Perjumpaan Beth dengan bidak-bidak itu, pelajaran yang ia terima satu demi satu dari janitor kesayangannya, membawa saya ke masa lalu saat saya masih duduk di Sekolah Dasar. Pun, ketika Beth membayangkan bidak-bidak catur menggantung di langit-langit ruangan, itu tak asing buat saya – dan saya yakin, buat para pecatur lainnya.

Kegilaan-kegilaan yang timbul akibat catur, ketersendirian namun juga kebersamaan bersama teman-teman pecatur lain, digambarkan sempurna dalam The Queen’s Gambit. Tak heran, Gary Kasparov, mantan juara dunia catur, didapuk menjadi konsultan series ini. Penggambaran sedetil-detilnya menambah pengetahuan bagi saya yang menikmati catur di zaman yang berbeda dari Beth. Jam catur, misalnya. Yang digunakan saat pertandingan dalam The Queen’s Gambit, berbeda dengan jam catur yang saya kenal di tahun 1980-an, apalagi generasi setelah itu yang menggunakan jam catur digital.

Seksisme itu eksis

Sama seperti Beth yang di awal kemunculannya diremehkan oleh para pecatur lain karena dia adalah seorang perempuan, saya juga pernah mengalami hal yang serupa. Pernah saya kisahkan di tulisan lain di blog ini (mulai dari sini untuk baca ceritanya). Waktu saya mengikuti turnamen terbuka (artinya: pecatur pria dan wanita bertanding tanpa dipisah), lawan saya (seorang pria, tentu) sebelum bertanding menyodorkan kertas notasi yang sudah ia tulis 1-0. Alias ia sebagai pemain putih, menang. Menghina banget nggak sih? Tak heran, satu ruangan akhirnya terbahak ketika saya membuktikan bahwa saya lebih baik darinya, alias 0-1 untuk saya.

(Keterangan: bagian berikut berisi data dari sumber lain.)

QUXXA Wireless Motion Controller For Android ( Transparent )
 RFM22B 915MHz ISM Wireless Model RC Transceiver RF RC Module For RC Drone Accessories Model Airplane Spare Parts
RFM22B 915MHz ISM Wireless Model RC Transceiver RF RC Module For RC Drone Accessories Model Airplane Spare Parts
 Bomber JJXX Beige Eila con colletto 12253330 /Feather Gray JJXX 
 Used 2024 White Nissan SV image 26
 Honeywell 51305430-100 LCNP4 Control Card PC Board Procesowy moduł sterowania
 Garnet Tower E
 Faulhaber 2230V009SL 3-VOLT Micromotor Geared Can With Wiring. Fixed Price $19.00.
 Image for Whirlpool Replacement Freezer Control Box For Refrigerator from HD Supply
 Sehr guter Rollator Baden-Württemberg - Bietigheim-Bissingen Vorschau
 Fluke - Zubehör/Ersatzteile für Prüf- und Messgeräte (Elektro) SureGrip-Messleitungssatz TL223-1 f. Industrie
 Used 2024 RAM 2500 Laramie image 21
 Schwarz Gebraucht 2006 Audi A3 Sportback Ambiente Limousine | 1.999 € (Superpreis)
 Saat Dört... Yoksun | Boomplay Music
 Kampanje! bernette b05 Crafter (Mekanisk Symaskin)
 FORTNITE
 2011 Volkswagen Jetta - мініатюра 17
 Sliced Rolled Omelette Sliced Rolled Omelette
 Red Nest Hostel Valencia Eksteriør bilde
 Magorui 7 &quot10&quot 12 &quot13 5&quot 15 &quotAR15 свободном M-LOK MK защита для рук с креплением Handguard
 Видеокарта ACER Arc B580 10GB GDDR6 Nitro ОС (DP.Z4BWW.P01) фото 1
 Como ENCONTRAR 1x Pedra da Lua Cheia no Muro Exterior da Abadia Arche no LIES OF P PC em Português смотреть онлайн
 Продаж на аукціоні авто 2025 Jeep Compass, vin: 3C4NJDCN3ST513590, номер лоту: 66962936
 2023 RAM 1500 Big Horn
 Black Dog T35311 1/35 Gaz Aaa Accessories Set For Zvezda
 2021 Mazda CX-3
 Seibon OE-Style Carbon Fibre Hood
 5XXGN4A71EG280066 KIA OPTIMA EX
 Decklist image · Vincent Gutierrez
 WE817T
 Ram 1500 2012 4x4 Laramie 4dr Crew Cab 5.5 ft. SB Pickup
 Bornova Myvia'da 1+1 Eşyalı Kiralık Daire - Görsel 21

Saya tak tahu bagaimana kondisi sekarang ini, tapi saya rasa, seksisme takkan pernah bisa dihapuskan. Akan tetap ada pria-pria yang menganggap bidang tertentu hanya bisa dikuasai oleh pria, dan perempuan cukup di dapur saja (misalnya).

Candu itu nyata

Gila catur bukan lagi hal yang aneh, apalagi buat kami para mahasiswa yang tergabung sebagai anggota Unit Kegiatan Mahasiswa (UKM) Catur. Banyak kisah bertebaran. Ada kakak senior yang masuk rumah sakit jiwa karena (konon) kecanduan catur, banyak yang tidak menyelesaikan kuliah karena lebih senang ngotak-atik catur daripada kuliah (seperti saya).

Pertandingan selesai pun, belum tentu selesai di pikiran. Nggak heran jika pertandingan (apalagi kalau kalah) terbawa mimpi, dan di mimpi kami menemukan langkah brilian dan kami terbangun sambil berteriak, “Eureka!” lalu terbengong-bengong karena oh, ternyata pertandingan sudah usai dan itu hanya mimpi. Tapi langkah brilian itu benar adanya kami temukan, jadi dalam mimpi kami pun tetap terus berpikir.

Pentingnya support dari lingkungan

Kita tidak cukup kuat untuk menjadi pemenang sendirian. Saya dulu sempat memendam iri ketika melihat keluarga teman saya begitu mendukung dia untuk maju sebagai pecatur. Sementara pendukung terbesar saya, Bapak, sudah mangkat sebelum saya jadi juara nasional. Ibu, tidak begitu antusias dengan karir catur saya dan menekan saya untuk meninggalkan catur dan kuliah yang benar. Akhirnya, saya tumbuh sebagai pribadi yang terkoyak-koyak, dan butuh waktu untuk kembali menyatukan pribadi saya meski itu berarti saya meninggalkan dunia catur untuk selamanya.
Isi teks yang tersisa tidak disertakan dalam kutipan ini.